First, a Bayesian doesn’t need to stick with his or her priors, any more than any scientist needs to stick with his or her model. It’s fine—indeed, recommended—to abandon or alter a model that produces implications that don’t make sense (see my paper with Shalizi for a wordy discussion of this point).

Second, the parallelism between “prior” and “data” isn’t quite appropriate. You need a model to link your data to your parameters of interest. It’s a common (and unfortunate) practice in statistics to forget about this model, but of course it could be wrong too. Economists know about this, they do lots of specification checks.

Third, if you have weak data and your prior is informative, this does not imply that your prior should be weakened!

[Eli] Eli's take on all this is that starting with priors (from models/theories/other data sets) which are close to the data set under analysis will result in improved statistical estimates.  The (very old language here) surprisal, the difference between the prior and the posterior, will be small and one may be able to used it to extract meaningful dynamics from under the statistical noise.

[Ms. Rabett, looking into Eli’s eyes] Very meaningful dynamics indeed.

[Eli, keeping his cool] However, if the prior is awful, the result may actually diverge from the underlying statistical information in the data set, so with Bayes, you have to know the answer, or a good approximation to it to make progress, or, as Gelman points out

[Eli, using Andrew’s voice] If the prior is derived from previous work, the data set may be crap, in which case the use of the Bayesian statistics is to identify crap data.

[Eli] So how good is Eli's prior?

[Ms. Rabett]  And posterior, which I admire on occasion.

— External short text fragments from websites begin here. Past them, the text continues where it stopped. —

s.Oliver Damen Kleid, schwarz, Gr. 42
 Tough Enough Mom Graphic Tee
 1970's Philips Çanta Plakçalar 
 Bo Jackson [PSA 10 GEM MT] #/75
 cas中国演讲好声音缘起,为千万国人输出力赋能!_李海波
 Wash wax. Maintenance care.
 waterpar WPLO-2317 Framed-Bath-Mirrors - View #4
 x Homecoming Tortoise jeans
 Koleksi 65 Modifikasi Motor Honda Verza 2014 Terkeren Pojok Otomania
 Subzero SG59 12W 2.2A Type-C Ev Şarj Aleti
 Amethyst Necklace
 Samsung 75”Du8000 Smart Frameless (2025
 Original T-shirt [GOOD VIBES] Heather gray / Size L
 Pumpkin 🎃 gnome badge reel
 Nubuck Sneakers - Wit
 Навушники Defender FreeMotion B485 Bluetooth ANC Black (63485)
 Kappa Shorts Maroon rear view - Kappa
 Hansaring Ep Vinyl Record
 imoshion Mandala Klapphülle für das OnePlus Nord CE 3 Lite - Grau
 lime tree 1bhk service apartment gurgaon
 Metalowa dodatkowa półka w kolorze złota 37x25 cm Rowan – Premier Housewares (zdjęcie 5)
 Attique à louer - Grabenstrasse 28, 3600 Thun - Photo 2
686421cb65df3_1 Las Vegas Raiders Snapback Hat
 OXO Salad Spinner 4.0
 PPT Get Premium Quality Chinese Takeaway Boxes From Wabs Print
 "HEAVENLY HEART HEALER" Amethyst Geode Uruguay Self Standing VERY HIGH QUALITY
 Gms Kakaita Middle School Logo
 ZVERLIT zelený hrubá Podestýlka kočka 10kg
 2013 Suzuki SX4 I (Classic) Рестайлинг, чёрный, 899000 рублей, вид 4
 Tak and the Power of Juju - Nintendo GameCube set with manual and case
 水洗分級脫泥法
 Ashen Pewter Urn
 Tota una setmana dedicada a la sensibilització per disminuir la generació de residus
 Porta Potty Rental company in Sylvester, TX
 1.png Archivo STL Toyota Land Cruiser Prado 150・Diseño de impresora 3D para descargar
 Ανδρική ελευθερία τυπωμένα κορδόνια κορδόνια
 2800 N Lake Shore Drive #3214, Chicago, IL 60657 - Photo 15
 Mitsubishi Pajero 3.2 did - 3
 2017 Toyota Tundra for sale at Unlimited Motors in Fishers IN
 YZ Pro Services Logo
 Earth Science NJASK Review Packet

[Socrates] Gelman's post is brilliant.  I like his blog.  I also like Mayo's.  And not to mention yours.  What's your priors, again?

[Eli] Eli has been brought up on charges by many.  More or less something we used a lot of years ago, taking the prior from theory and applying it to measured data, to see what the theory missed.   Still like that approach.

[Socrates]  Oh, that.  Well, yeah.  Some call this post hoc data mining.  Some call it experimentation. I never understood the concept of post hoc.  Can we really check if econometrists are not peeking at their data before designing their models?

Perhaps Solomon would pronounce my judgement better than me:

[Solomon] Make sure your statistical inference is minimal and all will be well.

[Eli] Not if the theory is done before the experiment.

[Socrates] Hmmm. Some say that if you choose your model after you analyze your data, quite nasty things will happen to the data and you must throw it out. Replace data with brains and you get zombie stories:

[Zombified econometrist]  Must... get.. more... data.

[Eli]  Real science is messy, this is arguing for only doing things when you know the answer before you start.  Is statistics a tool or a means in itself, if it is a tool, why let it run your life?

[Socrates]  Because auditors request it, perhaps.  

[Eli]  They seriously lack rhythm and sound like Hell’s version of karaoke.  All noise, no music.

[Socrates]  Pithy.  Let’s envision this myth of an Hell like Dante’s, but with four circles of accusations, which I’m tempted to characterize via D&D allegiances:

[The Neutral] You're picking cherries with your post hoc method.

[The Chaotic] Your data is just a bunch of cherries anyway!

[The Lawful] You're not following a standard based on any official (e.g. statistical) authority.

[Socrates’ Avatar] You're not following your own standards.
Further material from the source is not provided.